Certification shall include the proper operation of the closing unit valving,
the pressure gauges, and the manufacturer's recommended accumulator fluids.
Certification shall be obtained through an independent company that tests
blowout preventers, stacks and casings. Certification shall be performed every
five (5) years and the proof of certification shall be made available upon
request of the Commission.
(viii)
All well control equipment shall be in good working condition at all times. All
outlets, fittings, and connections on the casing, blowout preventers, choke
manifold, and auxiliary wellhead equipment that may be subjected to wellhead
pressure shall be of a material and construction to withstand or exceed the
anticipated pressure. The lines from outlets on or below the blowout preventers
shall be securely installed, anchored, and protected from damage.
(ix) In addition to the primary closing
system, including an accumulator system, the blowout preventers shall have a
secondary location for closure.
(x)
Testing of blowout prevention equipment.
(I)
Ram type blowout prevention equipment shall be tested to at least the maximum
anticipated surface pressure of the well, but not less than 1,500 psi, before
drilling the plug on the surface casing.
(II) Blowout prevention equipment shall be
tested upon installation, after the disconnection or repair of any pressure
containment seal in the blowout preventer stack, choke line, or choke manifold,
limited to the affected component, with testing to occur at least every 21
days. When requested, the district director shall be notified before the
commencement of a test.
(III) A
record of each test, including test pressures, times, failures, and each
mechanical test of the casings, blowout preventers, surface connections,
surface fittings, and auxiliary wellhead equipment shall be entered in the
logbook, signed by the person responsible for the test, and made available for
inspection by the Commission upon request.
(C) Drilling fluid program.
(i) The characteristics, use, and testing of
drilling fluid and conduct of related drilling procedures shall be designed to
prevent the blowout of any well. Adequate supplies of drilling fluid of
sufficient weight and other acceptable characteristics shall be maintained.
Drilling fluid tests shall be performed as needed to ensure well control.
Adequate drilling fluid testing equipment shall be kept on the drilling
location at all times. Sufficient drilling fluid shall be pumped and maintained
to ensure well control at all times, including when pulling drill pipe. Mud pit
levels shall be visually or mechanically monitored during the drilling process.

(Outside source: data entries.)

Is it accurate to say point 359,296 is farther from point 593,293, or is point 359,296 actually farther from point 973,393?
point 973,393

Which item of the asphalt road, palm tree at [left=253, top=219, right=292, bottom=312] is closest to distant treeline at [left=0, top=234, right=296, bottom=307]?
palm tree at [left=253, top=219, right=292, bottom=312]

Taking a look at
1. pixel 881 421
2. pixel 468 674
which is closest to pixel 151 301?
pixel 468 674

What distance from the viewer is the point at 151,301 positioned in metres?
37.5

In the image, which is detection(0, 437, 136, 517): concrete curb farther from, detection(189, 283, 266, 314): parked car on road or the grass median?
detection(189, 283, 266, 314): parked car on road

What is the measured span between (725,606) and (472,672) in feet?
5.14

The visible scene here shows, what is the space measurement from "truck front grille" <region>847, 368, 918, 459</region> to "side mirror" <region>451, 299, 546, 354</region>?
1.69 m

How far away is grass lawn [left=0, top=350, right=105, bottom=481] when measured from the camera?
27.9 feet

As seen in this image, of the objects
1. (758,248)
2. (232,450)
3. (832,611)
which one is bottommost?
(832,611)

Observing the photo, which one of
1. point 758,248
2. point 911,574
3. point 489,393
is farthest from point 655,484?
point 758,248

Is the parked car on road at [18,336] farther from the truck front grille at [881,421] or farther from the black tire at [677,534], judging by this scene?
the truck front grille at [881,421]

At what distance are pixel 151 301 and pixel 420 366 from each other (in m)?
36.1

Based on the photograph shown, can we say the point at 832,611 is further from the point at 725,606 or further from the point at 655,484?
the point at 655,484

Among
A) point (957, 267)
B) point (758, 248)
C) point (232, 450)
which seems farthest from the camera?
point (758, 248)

Mud-gas separation equipment shall be installed and operated as needed when
abnormally pressured gas-bearing formations may be encountered. The Commission
shall have access to the drilling fluid records and shall be allowed to conduct
any essential tests on the drilling fluid used in the drilling or recompletion
of a well. When the conditions and tests indicate a need for a change in the
drilling fluid program in order to insure control of the well, the operator
shall use due diligence in modifying the program.
(ii) Wells drilled with air shall maintain
well control using blowout preventer systems and/or diverter systems.

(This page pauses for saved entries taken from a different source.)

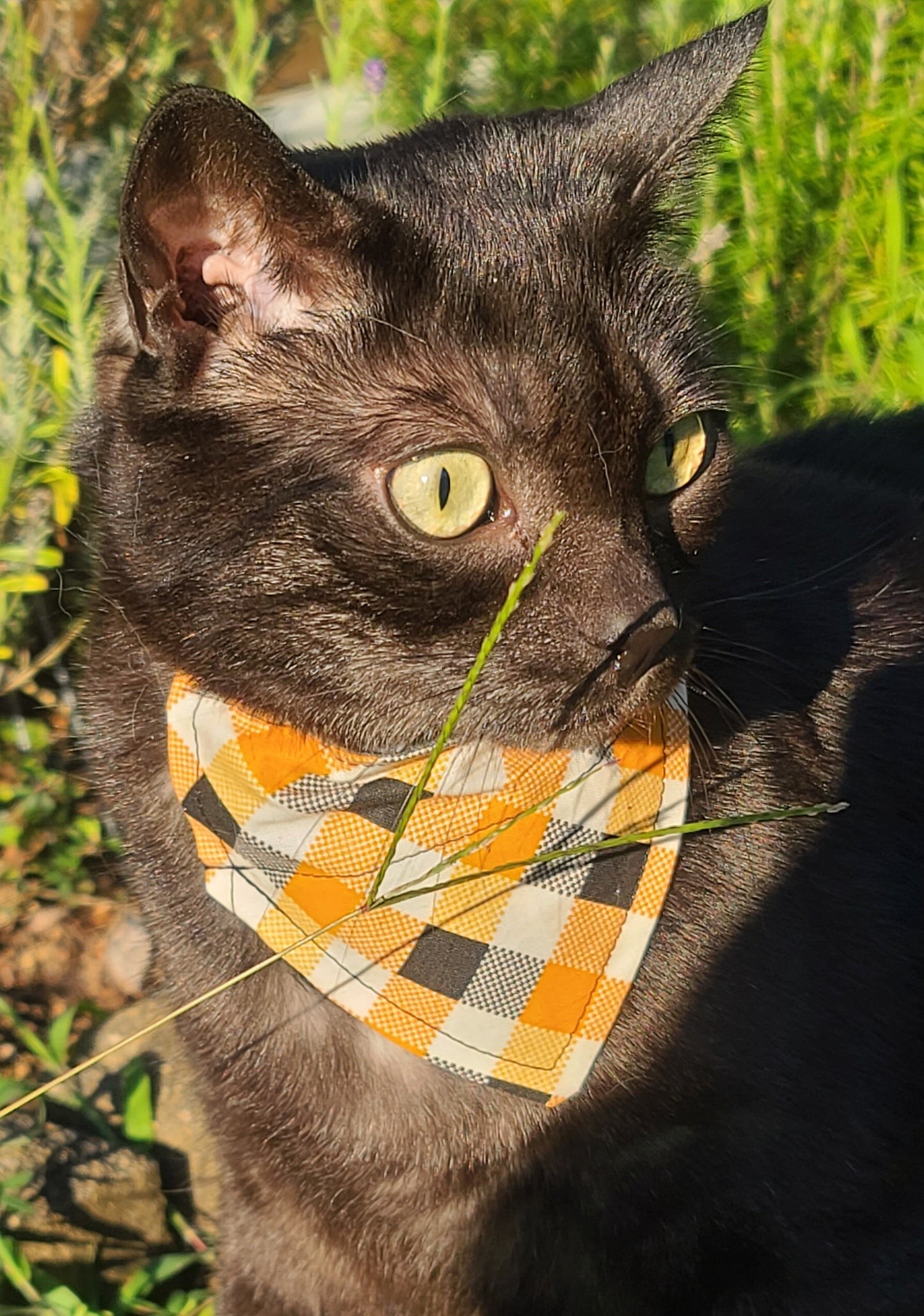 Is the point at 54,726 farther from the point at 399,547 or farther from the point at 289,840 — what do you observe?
the point at 399,547

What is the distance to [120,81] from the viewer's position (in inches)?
109

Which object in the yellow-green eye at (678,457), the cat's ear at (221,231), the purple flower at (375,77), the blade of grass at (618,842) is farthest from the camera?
the purple flower at (375,77)

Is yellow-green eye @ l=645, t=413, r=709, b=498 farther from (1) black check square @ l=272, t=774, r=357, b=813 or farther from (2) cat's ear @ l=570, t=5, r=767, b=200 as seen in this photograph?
(1) black check square @ l=272, t=774, r=357, b=813

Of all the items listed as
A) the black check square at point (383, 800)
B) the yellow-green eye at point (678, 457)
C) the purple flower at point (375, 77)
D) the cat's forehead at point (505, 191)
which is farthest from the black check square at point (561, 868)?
the purple flower at point (375, 77)

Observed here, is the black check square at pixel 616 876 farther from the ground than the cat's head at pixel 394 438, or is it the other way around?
the cat's head at pixel 394 438

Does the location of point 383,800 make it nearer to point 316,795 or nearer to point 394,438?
point 316,795

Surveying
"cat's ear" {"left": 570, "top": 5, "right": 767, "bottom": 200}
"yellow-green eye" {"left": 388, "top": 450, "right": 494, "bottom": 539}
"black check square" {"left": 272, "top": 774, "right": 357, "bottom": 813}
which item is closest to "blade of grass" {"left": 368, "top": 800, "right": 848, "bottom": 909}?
"black check square" {"left": 272, "top": 774, "right": 357, "bottom": 813}

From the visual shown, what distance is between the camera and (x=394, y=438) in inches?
44.4

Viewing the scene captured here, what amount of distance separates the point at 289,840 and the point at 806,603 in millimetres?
656

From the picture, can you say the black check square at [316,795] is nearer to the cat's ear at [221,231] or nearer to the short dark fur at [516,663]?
the short dark fur at [516,663]

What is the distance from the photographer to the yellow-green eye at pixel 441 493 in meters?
1.11

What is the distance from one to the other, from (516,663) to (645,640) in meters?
0.12

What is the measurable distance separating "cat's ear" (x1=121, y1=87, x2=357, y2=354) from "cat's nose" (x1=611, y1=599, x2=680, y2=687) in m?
0.40

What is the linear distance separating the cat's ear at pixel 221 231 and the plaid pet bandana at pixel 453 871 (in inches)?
15.0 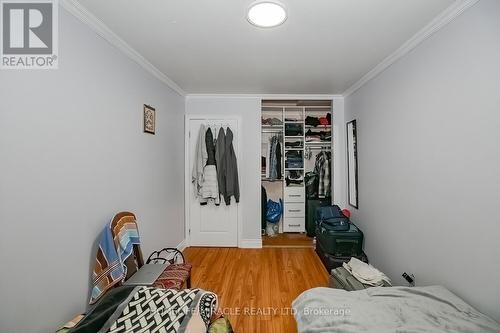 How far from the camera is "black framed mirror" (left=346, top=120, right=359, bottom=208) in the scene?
3.19 meters

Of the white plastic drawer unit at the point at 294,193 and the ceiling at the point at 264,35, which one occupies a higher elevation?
the ceiling at the point at 264,35

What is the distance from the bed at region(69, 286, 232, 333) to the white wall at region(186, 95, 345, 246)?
2325 mm

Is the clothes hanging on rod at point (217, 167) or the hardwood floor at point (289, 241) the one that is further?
the hardwood floor at point (289, 241)

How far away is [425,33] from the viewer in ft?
5.82

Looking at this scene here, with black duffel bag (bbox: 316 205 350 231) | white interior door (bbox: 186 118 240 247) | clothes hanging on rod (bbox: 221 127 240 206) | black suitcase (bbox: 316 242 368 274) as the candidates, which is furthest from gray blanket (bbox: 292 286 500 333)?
white interior door (bbox: 186 118 240 247)

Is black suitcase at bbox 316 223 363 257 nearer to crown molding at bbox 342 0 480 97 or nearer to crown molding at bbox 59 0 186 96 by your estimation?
crown molding at bbox 342 0 480 97

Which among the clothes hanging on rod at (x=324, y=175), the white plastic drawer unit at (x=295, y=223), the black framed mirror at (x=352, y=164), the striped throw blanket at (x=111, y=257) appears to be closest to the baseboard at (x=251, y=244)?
the white plastic drawer unit at (x=295, y=223)

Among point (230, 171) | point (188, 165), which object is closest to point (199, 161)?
point (188, 165)

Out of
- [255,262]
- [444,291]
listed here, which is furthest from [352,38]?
[255,262]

(iii) All hole intervals drilled prior to
reaching the base of protected water shall be drilled with air, fresh water or
a fresh water based drilling fluid. No oil-based drilling fluid may be used
until casing has been set and cemented to the protection
depth.
(D) Diverter
systems for bay and offshore wells. Any bay or offshore well that is drilled to
and/or through formations where the expected reservoir pressure exceeds the
hydrostatic pressure of the drilling fluid column shall be equipped to divert
any wellbore fluids away from the rig floor. When the diverter system is
installed, the diverter components including the sealing element, diverter
valves, control systems, stations and vent lines shall be function and pressure
tested. For drilling operations with a surface wellhead configuration, the
system shall be function tested at least once every 24-hour period after the
initial test. After all connections have been made on the surface casing or
conductor casing, the diverter sealing element and diverter valves shall be
pressure tested to a minimum of 200 psig. Subsequent pressure tests shall be
conducted within seven days after the previous test. All diverter systems shall
be maintained in working condition. No operator shall continue drilling
operations if a test or other information indicates that the diverter system is
unable to function or operate as designed.
(E) Casinghead.
(i) Requirements. All land and bay wells
shall be equipped with casingheads of sufficient rated working pressure, with
adequate connections and valves accessible at the surface, to allow pumping of
fluid between any two strings of casing at the surface.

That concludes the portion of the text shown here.